(Beginning of Dataset entries)

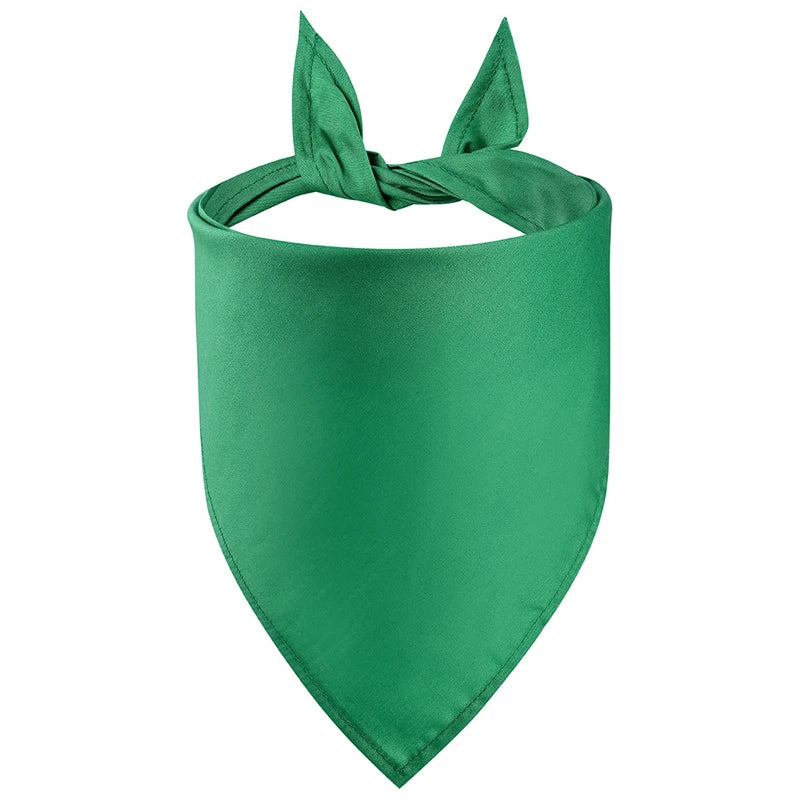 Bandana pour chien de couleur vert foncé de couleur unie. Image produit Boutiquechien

(End of Dataset entries)
(Beginning of Dataset entries)

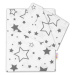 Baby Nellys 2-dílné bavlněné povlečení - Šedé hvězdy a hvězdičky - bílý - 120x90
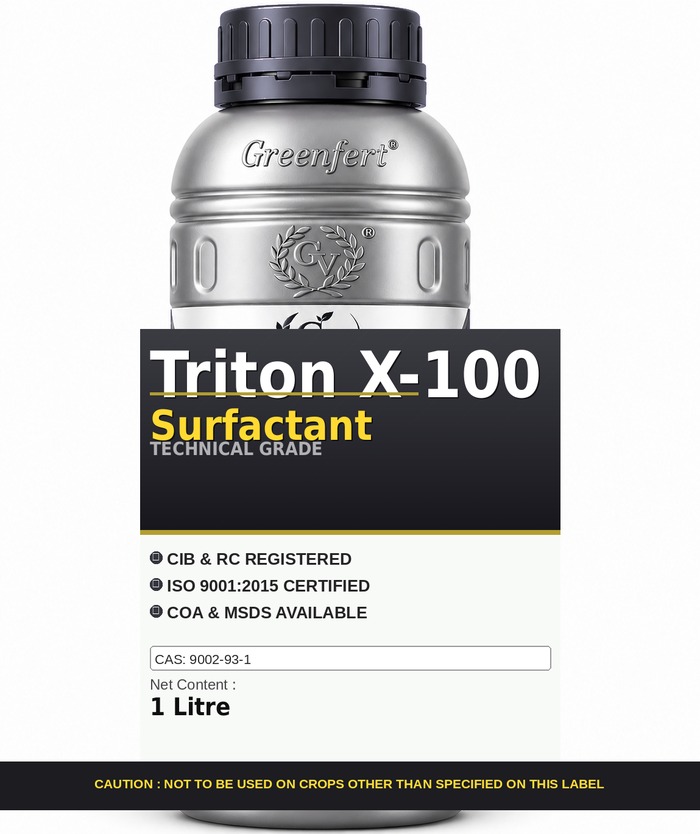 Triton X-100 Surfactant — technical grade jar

(End of Dataset entries)

» **What you have to do**: Of the lines above, copy only those from the one holding "Baby Nellys 2-dílné" to the one holding "Triton X-100 Surfactant", both included, and exclude every image.

» **Exercise solution**:
 Baby Nellys 2-dílné bavlněné povlečení - Šedé hvězdy a hvězdičky - bílý - 120x90
 Triton X-100 Surfactant — technical grade jar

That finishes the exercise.